Essentially, we’ve created a kind of message broker for this part of our system. In our implementation, we have two goals:

  • Be able to serve millions of publishers and subscribers.
  • Be able to automatically recover from failures in the underlying hardware.

We looked at a few software components (including Kafka) that we may leverage. In the end we decided to build out the system from scratch and modify it incrementally to reach our stated goals.

Start With a Single Server

In the initial phase, we created a simple message broker that runs on a single machine. Clients (publishers and subscribers) connect to a pool of frontend REST API (web) servers and MQTT servers, which then connects to this single backend server.

For example, a device may establish a connection to one of our MQTT servers. The MQTT server then connects to the message broker and starts listening for commands destined for the device. When an app sends a command using our REST API, the web server simply connects to the same message broker and “publishes” the command. The message broker hands the command to the listener (MQTT server) which then sends it over to the device.

Break It Into Shards

Obviously, a single message broker server in the backend can only handle up to a certain number of publishers/subscribers at one time. In the second phase, we scaled the system horizontally by sharding, i.e. deploying the message broker to multiple servers. Each subscriber is assigned to one of the shards by a hashing algorithm.

This is straightforward enough. But there is a wrinkle. We want an efficient way for the frontend web servers and MQTT servers to keep track of the list of shards. We also want this list to be dynamic so that we can easily swap in and out the machines. Fortunately, we quickly realized that Etcd would be the perfect solution for this.

We like Etcd for its resilient multi-node cluster architecture. We built such a cluster and stored the directory of shards in it. We updated the web/MQTT servers to query the Etcd cluster to locate which shard to use for a particular subscriber. We further optimized this by caching the directory in the memory of the web/MQTT servers, which keep the data up-to-date by using the “watch” feature of the Etcd protocol.

Add Automatic Failover

We were pretty happy with our implementation of sharding in conjunction with Etcd. We will be able to connect as many devices and apps as we need to, as along as we have sufficient number of shards at our disposal. So we moved to tackle our second goal: achieving high availability.

We want to detect failures in any of the shards and swap them out with minimal disruption to the pub/sub activities. We proceeded to create a monitor that checks periodically the health of each shard. We also keep around a set of spare machines whose health is also being monitored.

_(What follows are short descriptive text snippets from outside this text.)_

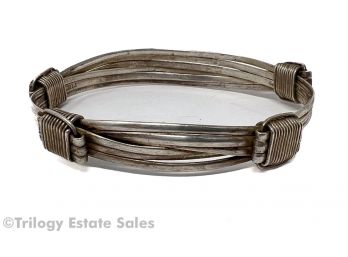 Made In Kenya Sterling Silver Adjustable Bracelet
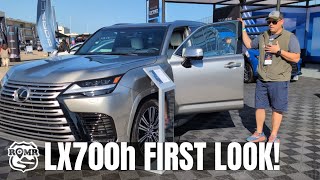 2025 Lexus LX700h Unveiled in USA Hands On First Look at Electricity Expo Austin [upl. by Buskirk412]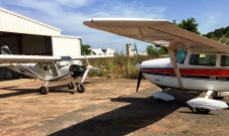 Flying in the Gambia 3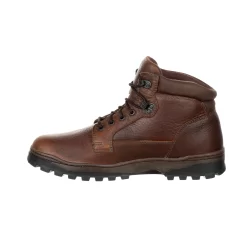 Rocky Boots Rocky Mens Brown Leather Outback GTX Hunting Boots -Fashion Footwear Shop RKS0389 instep profile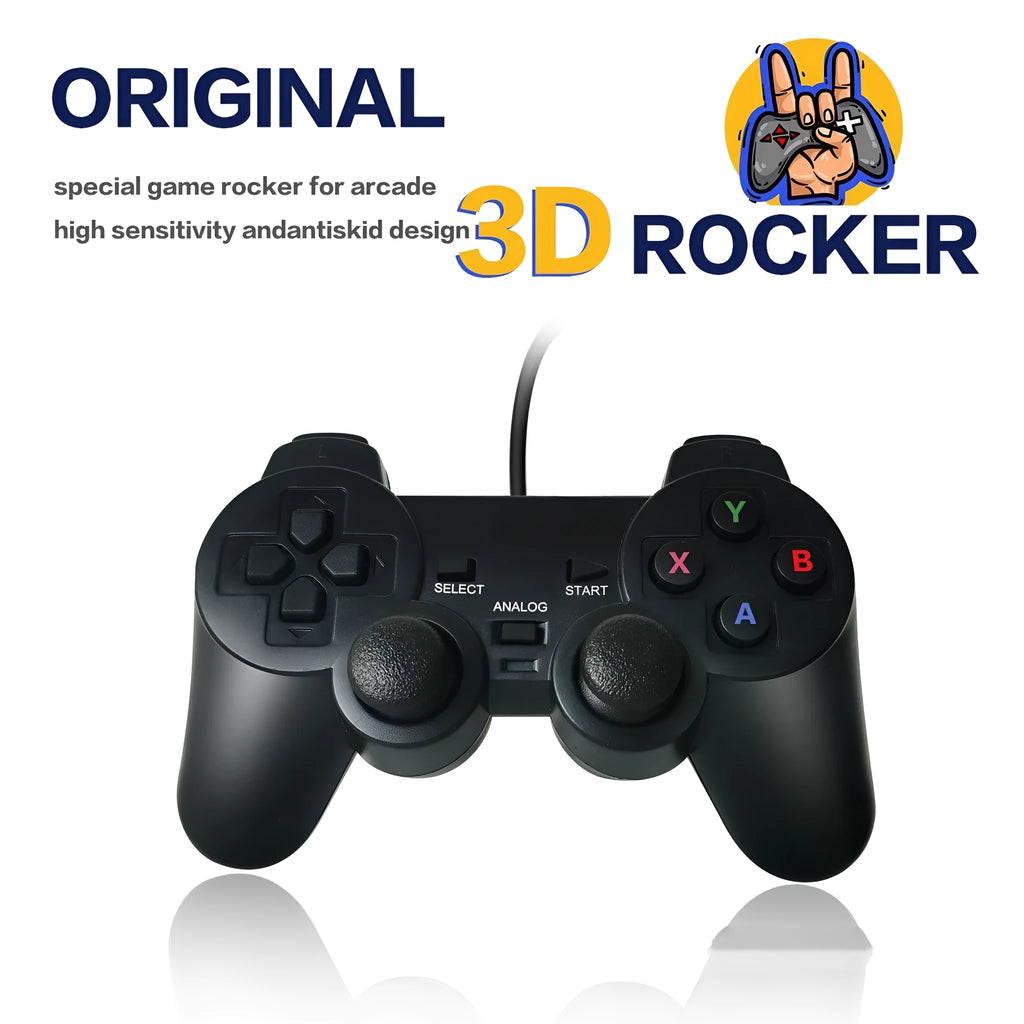 Super ConsoleX wired USB game controller with retro snes handle design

When any one of the shards goes down, the monitor will activate one of the spare machines and update the directory of shards. Thanks to our use of Etcd, this can be done easily. The monitor simply writes the new shard assignment to Etcd. All the frontend web/MQTT servers that have been watching for changes in Etcd will soon be updated and start using the new machine. Automatic failover is accomplished.

Conclusion

With this architecture, we were able to implement a message broker system that is scalable and highly available. A similar approach was also applied to our implemention of the system that queues and executes webhook calls (for our Webhooks Smart Module).